Boynton’s untimely death
On August 7, 1958, Dr. Paul Boynton Boynton died of heart disease, suffering a coronary occlusion in his office at the college. He had been president of SFA only sixteen years. He was sixty years of age at the time. Under Dr. Boynton’s leadership, the college here enjoyed unparalleled growth, and he had just announced further plans for another classroom and office building for health instruction, an infirmary, a dormitory for men, another for women, and a building for the college food service.

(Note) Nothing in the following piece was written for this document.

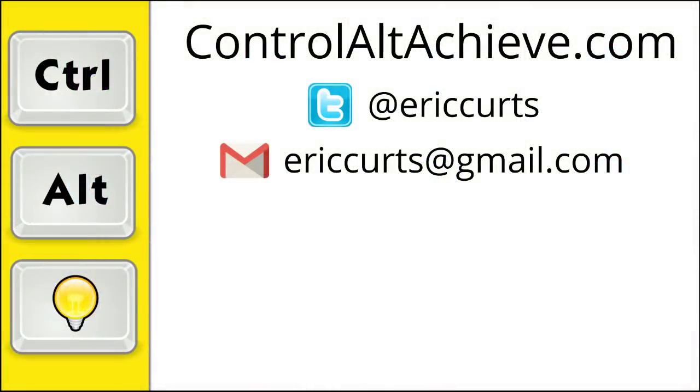So that's a quick overview of the new layout options and features coming to Google Meet. Check out the other videos in this series for more training on how to use Google Meet. The full list can be found at www.controlaltachieve.com slash meetvideos.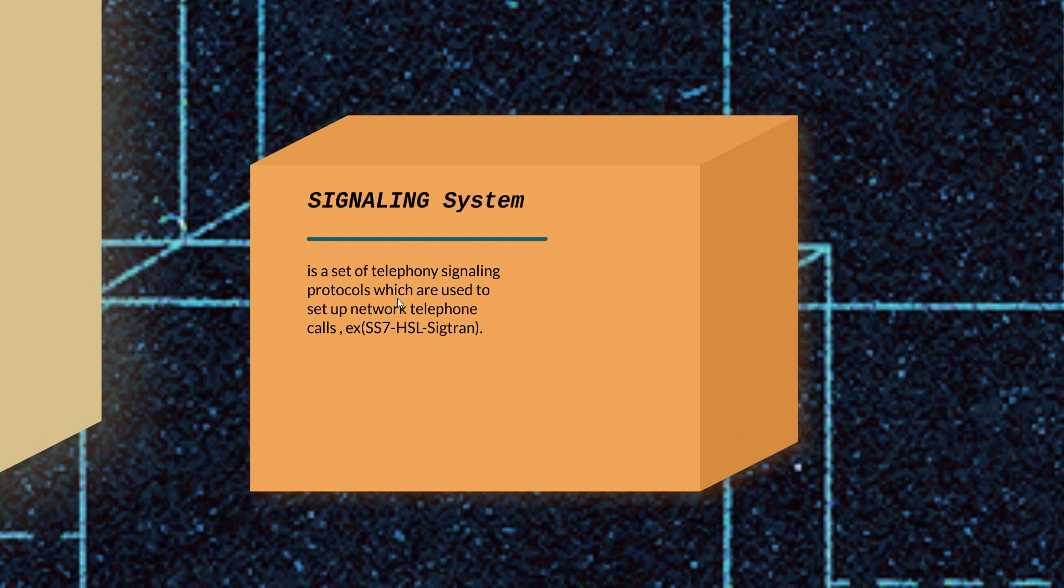What does signaling protocol mean? Each node in the network deals with a specific signaling protocol. Some nodes deal with MAP protocol, some nodes deal with another protocol called ISUP, and some nodes deal with another protocol called BSSMAP.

In a resolution, the Board of Regents wrote of Dr. Boynton:
“In retrospect we see him, a young man whose intellectual and spiritual powers reflected stature far beyond his actual years, assuming control of a struggling young educational institution with a future made questionable by countless problems attendant to World War II. With keen insight, unswerving devotion to duty, and resourcefulness uncommon to an amazing degree, he met and solved the problems one by one. After the war, when steadily increasing enrollment produced seemingly unending problems equally complex but of a different nature, Dr. Boynton continued to be more than equal to the challenge. The results of his efforts are readily observable at every hand and will continue to be so long as the College itself exists. Impressive buildings and facilities of all types stand as inanimate tributes. Even more significant, thousands of persons in all walks of life constitute living memorials to Dr. Boynton. These are the men and women fashioned for useful lives by one who considered himself first and last a teacher.”
The Board of Regents named Dean Joe N. Gerber as acting President and authorized him to “enlist the services of Doctor Robert T. McKibben to assist him in the duties he will have ... without any additional charge or salary.” At their meeting on October 25, 1958, the Board elected Ralph W. Steen as the Third President of SFA, to be effective November 1, 1958.